◆ To do
Return every line from the records below that has the word "Cover".

(Source material)

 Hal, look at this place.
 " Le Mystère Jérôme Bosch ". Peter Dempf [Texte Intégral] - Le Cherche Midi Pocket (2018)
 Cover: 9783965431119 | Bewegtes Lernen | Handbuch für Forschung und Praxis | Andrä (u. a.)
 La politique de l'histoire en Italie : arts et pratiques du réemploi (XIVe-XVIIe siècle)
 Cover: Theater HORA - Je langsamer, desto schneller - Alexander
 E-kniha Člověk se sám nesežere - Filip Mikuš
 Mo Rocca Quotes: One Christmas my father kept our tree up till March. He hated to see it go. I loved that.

(End Source material)
(Source material)

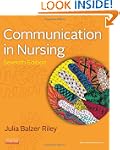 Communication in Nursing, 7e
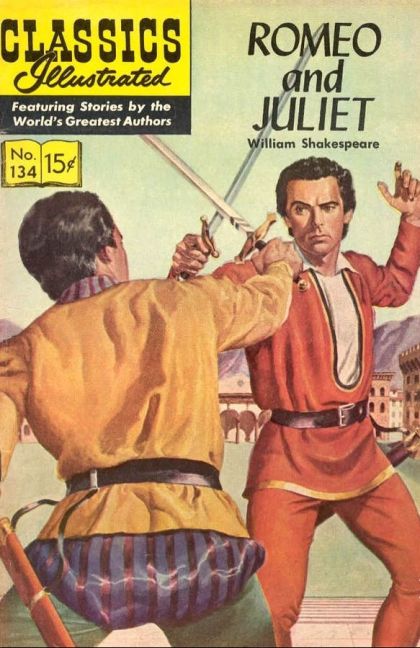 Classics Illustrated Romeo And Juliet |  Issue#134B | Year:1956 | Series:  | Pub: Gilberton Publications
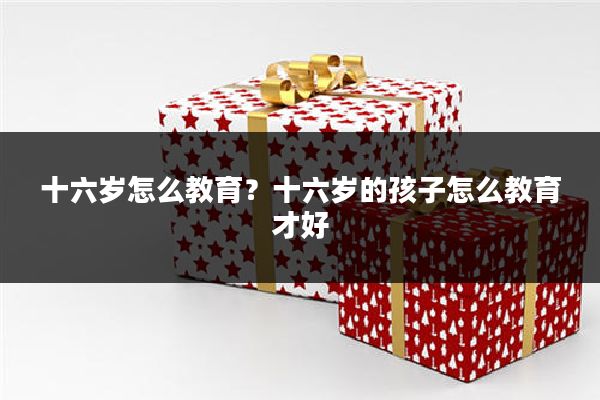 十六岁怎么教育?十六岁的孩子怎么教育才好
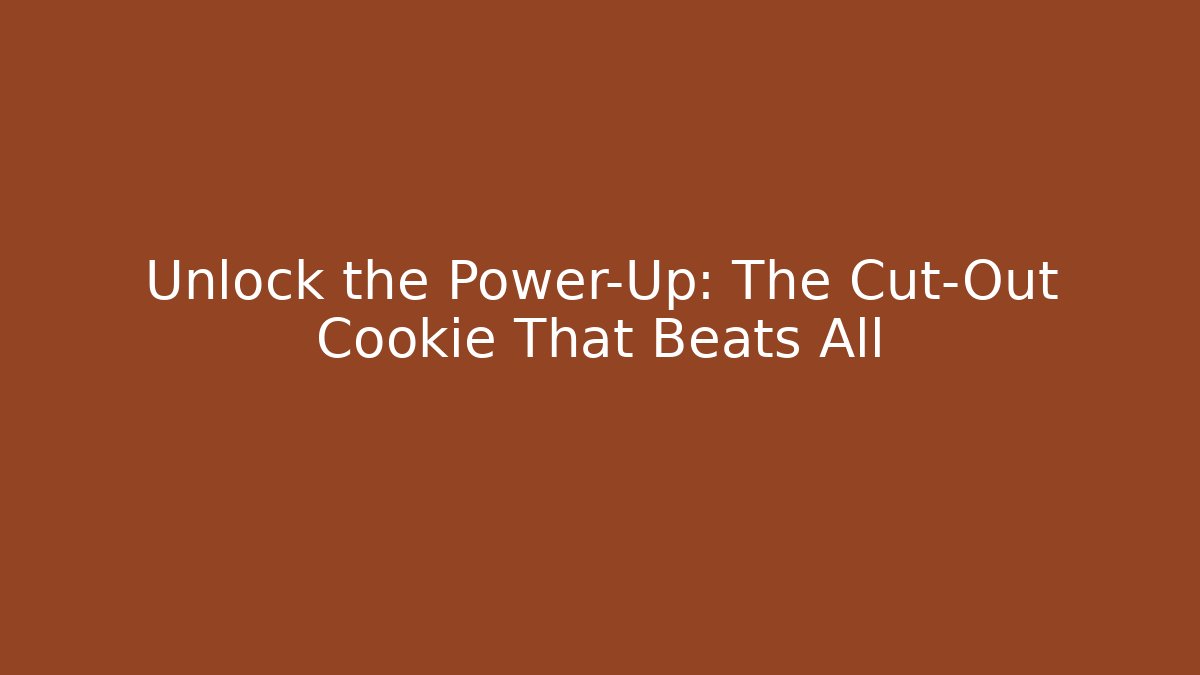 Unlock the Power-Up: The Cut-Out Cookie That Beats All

(End Source material)
(Source material)

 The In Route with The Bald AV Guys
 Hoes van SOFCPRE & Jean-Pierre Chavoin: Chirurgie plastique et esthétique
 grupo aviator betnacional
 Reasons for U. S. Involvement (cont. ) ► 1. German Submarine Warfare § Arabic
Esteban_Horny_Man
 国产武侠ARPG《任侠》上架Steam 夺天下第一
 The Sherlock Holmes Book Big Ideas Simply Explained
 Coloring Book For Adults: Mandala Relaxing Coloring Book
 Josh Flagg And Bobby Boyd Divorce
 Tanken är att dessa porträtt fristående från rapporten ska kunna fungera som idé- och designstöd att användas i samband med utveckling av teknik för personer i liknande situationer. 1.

(End Source material)

◆ Exercise result
 Cover: 9783965431119 | Bewegtes Lernen | Handbuch für Forschung und Praxis | Andrä (u. a.)
 Cover: Theater HORA - Je langsamer, desto schneller - Alexander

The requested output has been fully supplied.